ASSIGNMENT:
Nothing but the lines from the one containing "3921 Bonnie Drive, Crown" through the last line of the records belongs in the answer, copied exactly and with the pictures left out.

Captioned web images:
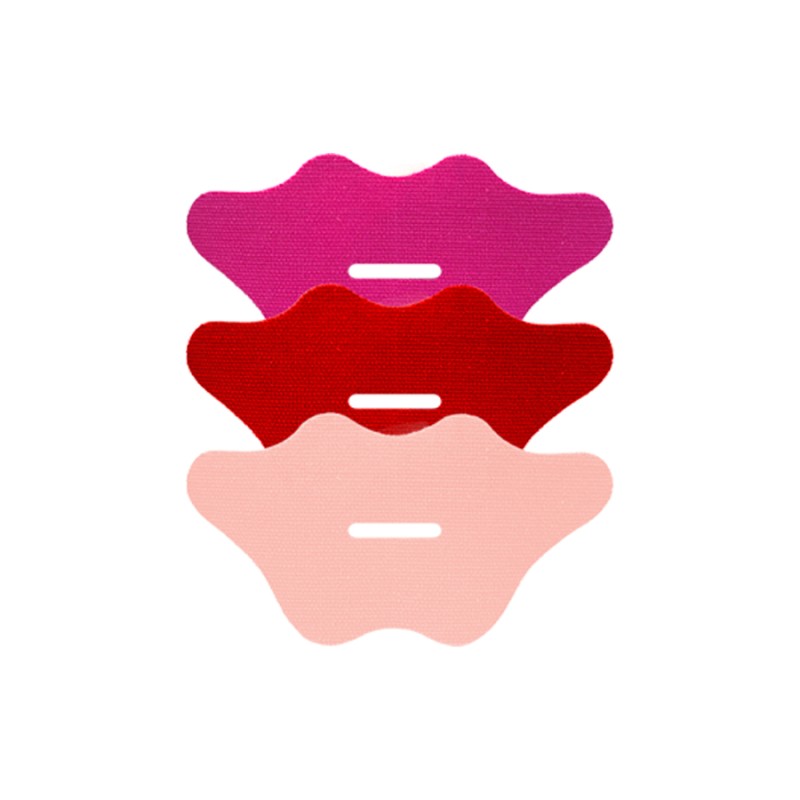 Mouth Tape Supplier - Comfortable Breathable Nasal Support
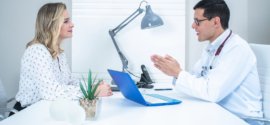 A Tiny Detail, Often Forgotten: The Pre-Marital Check-Up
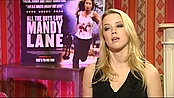 alltheboyslovemandylane_interview_34483.jpg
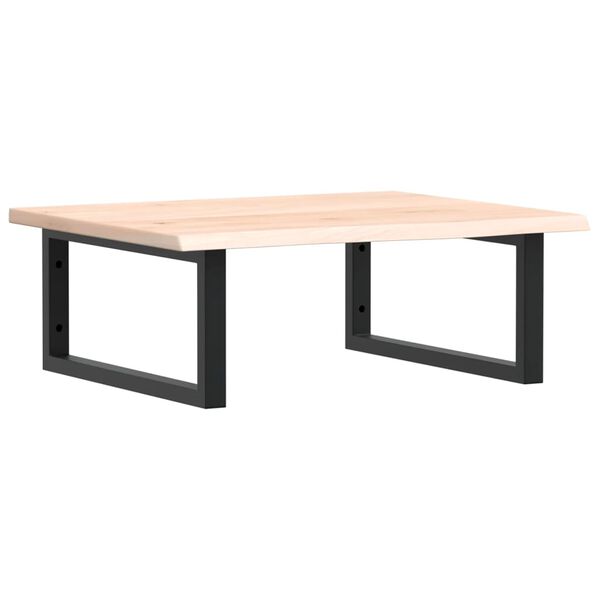 N&auml;ytet&auml;&auml;n tuotekuva 1 / 11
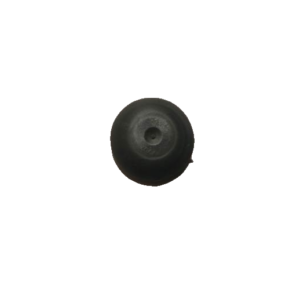 BYD Parts Direct
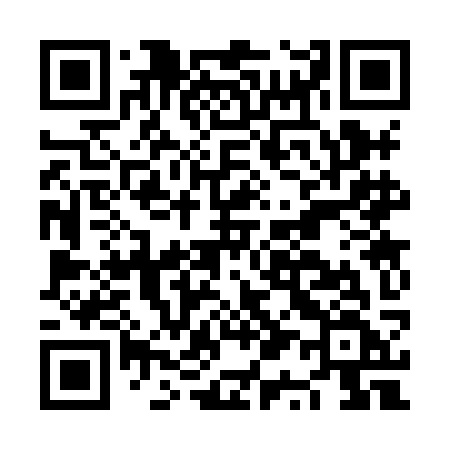 QR code for NQ38KF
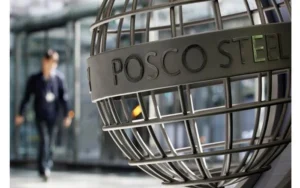 Inox POSCO là gì? có tốt không?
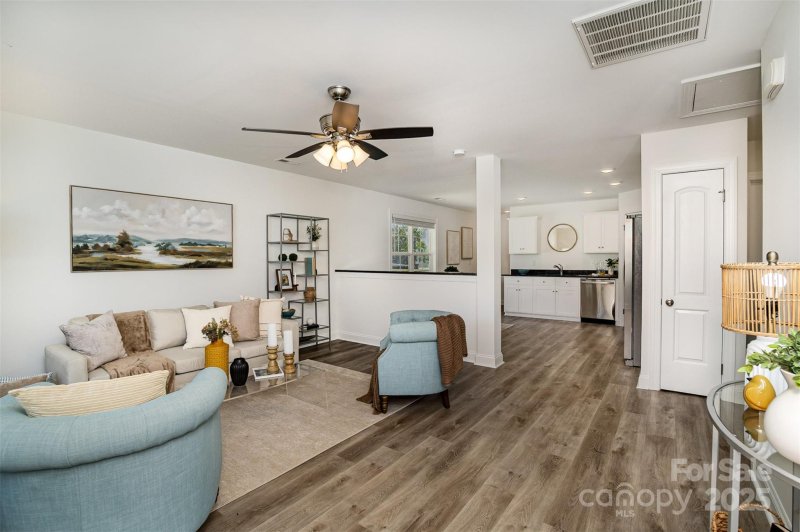 Property image 2 at 329 Gurley Drive, Concord, NC 28027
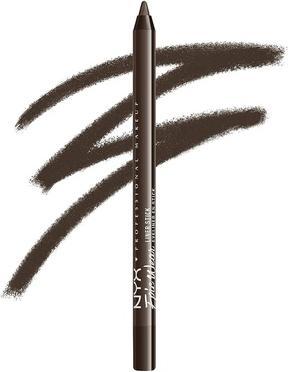 Produktbild NYX Professional Make-Up Epic Wear (7 Deepest Brown)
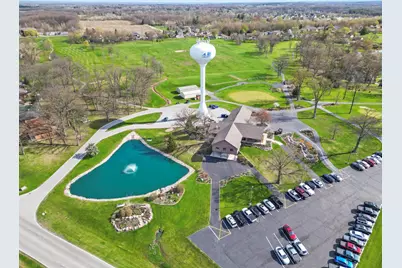 3921 Bonnie Drive, Crown Point, IN 46307 - Photo 57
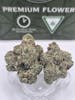 $25: 8g Pre-Pack Bud Bags Highway Horticulture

PROBLEM SOLUTION:
 3921 Bonnie Drive, Crown Point, IN 46307 - Photo 57
 $25: 8g Pre-Pack Bud Bags Highway Horticulture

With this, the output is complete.